Instead of using the complicated checks left over from IRIX where we
can to truncate the pagecache just call xfs_tosspages
(aka truncate_inode_pages) directly as we want to get rid of all data
after i_size, and truncate_inode_pages handles incorrect alignments
and too large offsets just fine.

Signed-off-by: Christoph Hellwig <hch@lst.de>
Reviewed-by: Alex Elder <aelder@sgi.com>
Reviewed-by: Dave Chinner <dchinner@redhat.com>

Index: xfs/fs/xfs/xfs_inode.c
===================================================================
--- xfs.orig/fs/xfs/xfs_inode.c	2011-06-29 11:29:02.494973804 +0200
+++ xfs/fs/xfs/xfs_inode.c	2011-06-29 11:29:11.888256249 +0200
@@ -1217,165 +1217,8 @@ xfs_isize_check(
 #endif	/* DEBUG */
 
 /*
- * Calculate the last possible buffered byte in a file.  This must
- * include data that was buffered beyond the EOF by the write code.
- * This also needs to deal with overflowing the xfs_fsize_t type
- * which can happen for sizes near the limit.
- *
- * We also need to take into account any blocks beyond the EOF.  It
- * may be the case that they were buffered by a write which failed.

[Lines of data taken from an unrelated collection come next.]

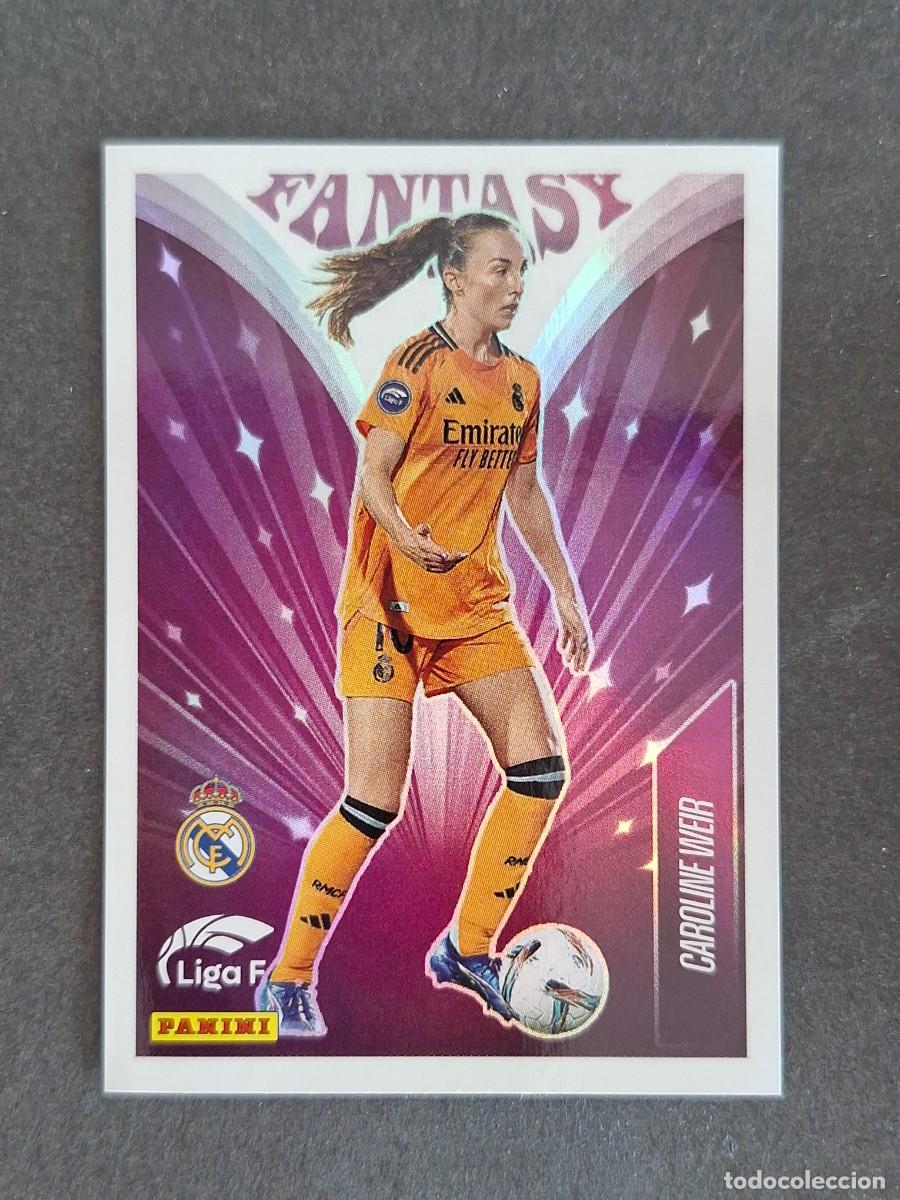 Cromos de f&uacute;tbol: L1 CAROLINE WEIR REAL MADRID C. F. FANTASY 330 PANINI LIGA F 2024 2025 24 25 SIN PEGAR NUNCA PEGADO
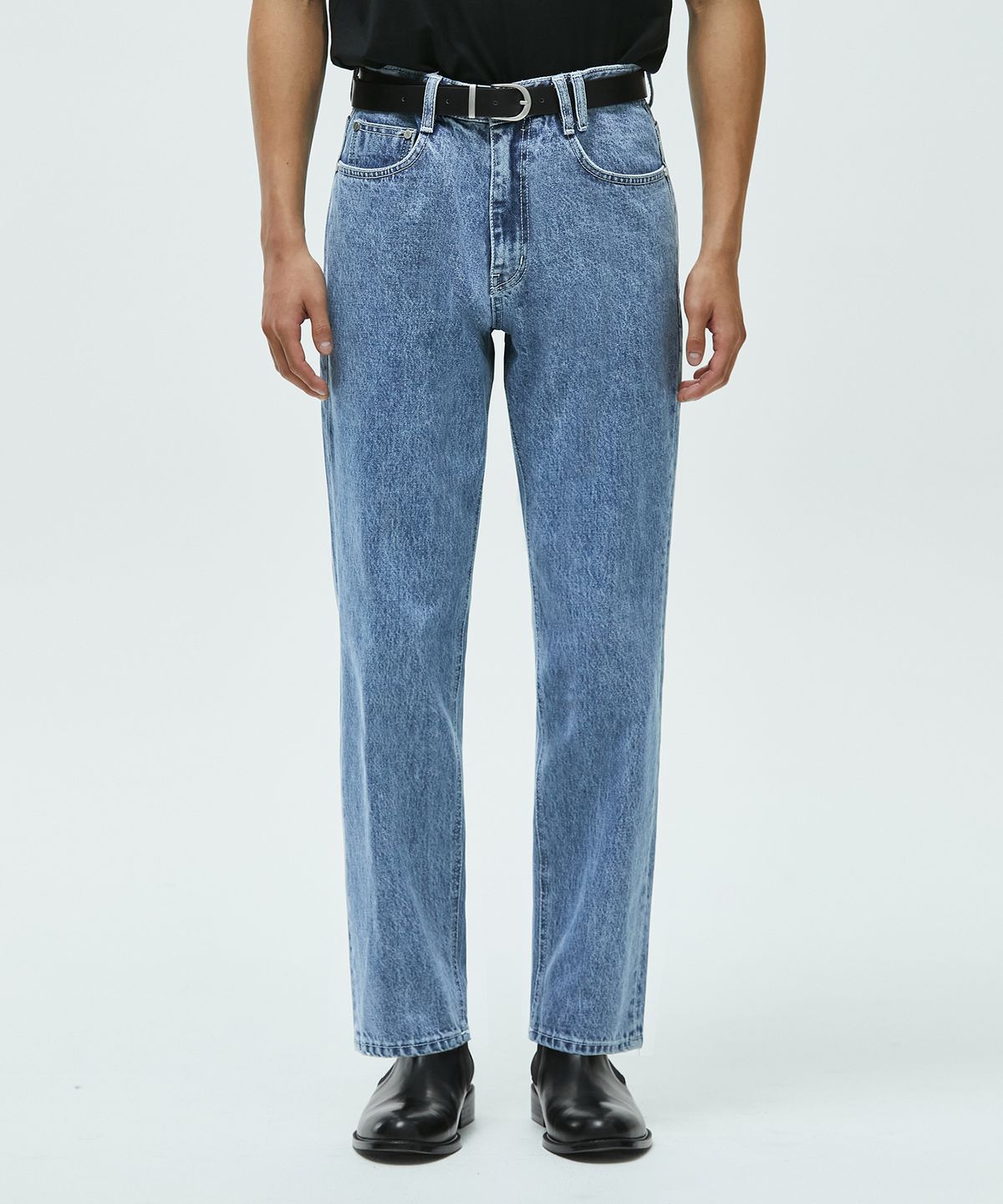 데케트(DECET) Essential Regular Straight Jeans DCPT012LightBlue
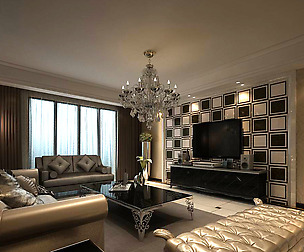 Avant-garde luxury family living room 90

- * In that case the pages will still be in memory, but the inode size
- * will never have been updated.
- */
-STATIC xfs_fsize_t
-xfs_file_last_byte(
-	xfs_inode_t	*ip)
-{
-	xfs_mount_t	*mp;
-	xfs_fsize_t	last_byte;
-	xfs_fileoff_t	last_block;
-	xfs_fileoff_t	size_last_block;
-	int		error;
-
-	ASSERT(xfs_isilocked(ip, XFS_IOLOCK_EXCL|XFS_IOLOCK_SHARED));
-
-	mp = ip->i_mount;
-	/*
-	 * Only check for blocks beyond the EOF if the extents have
-	 * been read in.  This eliminates the need for the inode lock,
-	 * and it also saves us from looking when it really isn't
-	 * necessary.
-	 */
-	if (ip->i_df.if_flags & XFS_IFEXTENTS) {
-		xfs_ilock(ip, XFS_ILOCK_SHARED);
-		error = xfs_bmap_last_offset(NULL, ip, &last_block,
-			XFS_DATA_FORK);
-		xfs_iunlock(ip, XFS_ILOCK_SHARED);
-		if (error) {
-			last_block = 0;
-		}
-	} else {
-		last_block = 0;
-	}
-	size_last_block = XFS_B_TO_FSB(mp, (xfs_ufsize_t)ip->i_size);
-	last_block = XFS_FILEOFF_MAX(last_block, size_last_block);
-
-	last_byte = XFS_FSB_TO_B(mp, last_block);
-	if (last_byte < 0) {
-		return XFS_MAXIOFFSET(mp);
-	}
-	last_byte += (1 << mp->m_writeio_log);
-	if (last_byte < 0) {
-		return XFS_MAXIOFFSET(mp);
-	}
-	return last_byte;
-}
-
-/*
- * Start the truncation of the file to new_size.  The new size
- * must be smaller than the current size.  This routine will
- * clear the buffer and page caches of file data in the removed
- * range, and xfs_itruncate_finish() will remove the underlying
- * disk blocks.
- *
- * The inode must have its I/O lock locked EXCLUSIVELY, and it
- * must NOT have the inode lock held at all.  This is because we're
- * calling into the buffer/page cache code and we can't hold the
- * inode lock when we do so.
- *
- * We need to wait for any direct I/Os in flight to complete before we
- * proceed with the truncate. This is needed to prevent the extents
- * being read or written by the direct I/Os from being removed while the
- * I/O is in flight as there is no other method of synchronising
- * direct I/O with the truncate operation.  Also, because we hold
- * the IOLOCK in exclusive mode, we prevent new direct I/Os from being
- * started until the truncate completes and drops the lock. Essentially,
- * the xfs_ioend_wait() call forms an I/O barrier that provides strict
- * ordering between direct I/Os and the truncate operation.
- *
- * The flags parameter can have either the value XFS_ITRUNC_DEFINITE
- * or XFS_ITRUNC_MAYBE.  The XFS_ITRUNC_MAYBE value should be used
- * in the case that the caller is locking things out of order and
- * may not be able to call xfs_itruncate_finish() with the inode lock
- * held without dropping the I/O lock.  If the caller must drop the
- * I/O lock before calling xfs_itruncate_finish(), then xfs_itruncate_start()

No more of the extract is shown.